On the 22nd of October, Matthew Broad held a discussion about the unique position which Yugoslavia occupied during the Cold War.  This was the first of a series of digital lectures by the Cold War Research Network, with new events to follow in the upcoming weeks.

The event was a great succes and we were very pleased with a very diverse audience of both lecturers and students. The discussion, following the excellent presentation by Matthew Broad, made for an interesting exchange of ideas relating to how the EEC had an impact upon Yugoslavia during the second half of the 20th century.

Please find a short description of the event below.

Scholars have been curiously reluctant to engage with how Western Europe handled its relations with Belgrade during this time.
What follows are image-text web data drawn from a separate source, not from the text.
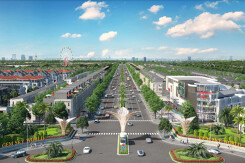 Đất Xanh chốt rót thêm 4.000 tỷ đồng cho chủ đầu tư dự án Gem Sky World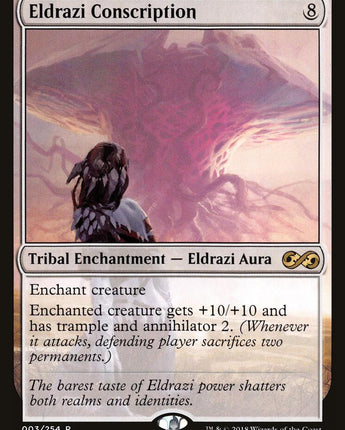 Eldrazi Conscription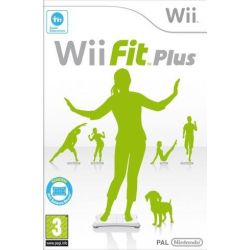 Wii Fit Plus Wii - Bazar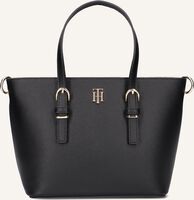 Schwarze TOMMY HILFIGER Umhängetasche TIMELESS SMALL TO - medium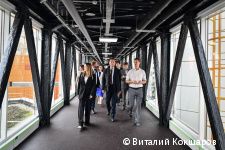 Глава Перми Эдуард Соснин подписал соглашение о сотрудничестве с Челябинском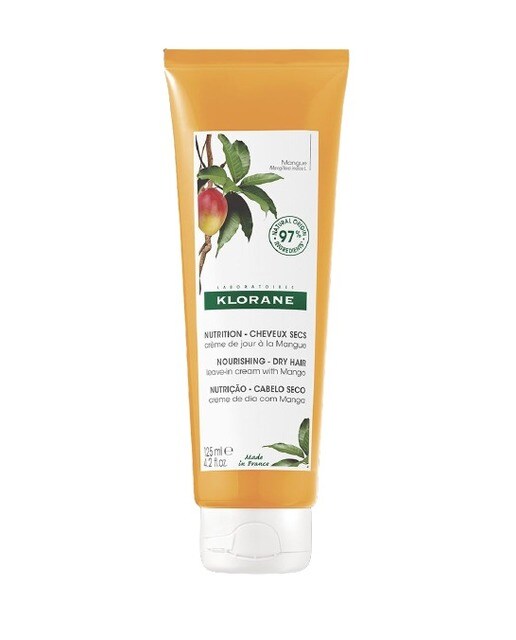 Creme de Dia Manteiga de Manga 125ml Klorane 1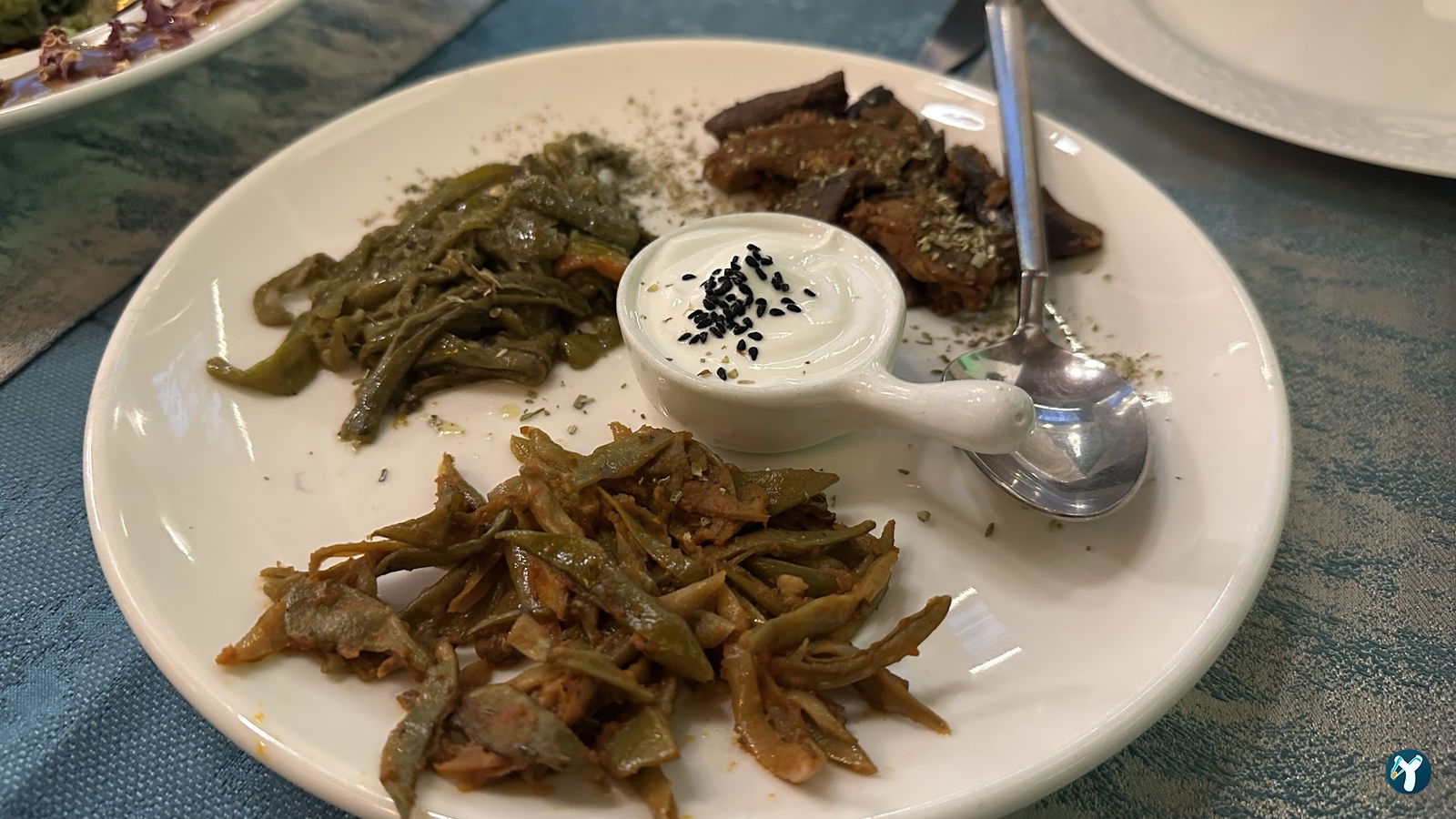 Somatçı Fihi Ma Fih Restaurant . Geçici Olarak Kapalı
Even if recent scholarship has sought to tackle this lacuna by highlighting the more activist stance of the European Economic Community (EEC), it nevertheless tends to discount the role played by non-EEC countries. In focusing on the European Free Trade Association (EFTA) – a looser, intergovernmental economic organisation formed in 1960 as the primary alternative to the EEC – this paper asserts that this judgement requires moderation.

Matthew Broad is a Lecturer in International Relations at Leiden and a Research Associate in the Centre for International Studies, University of Oxford. He’s held various posts at the universities of Pittsburgh, Turku and Reading, including as an EU-funded Marie Curie Fellow.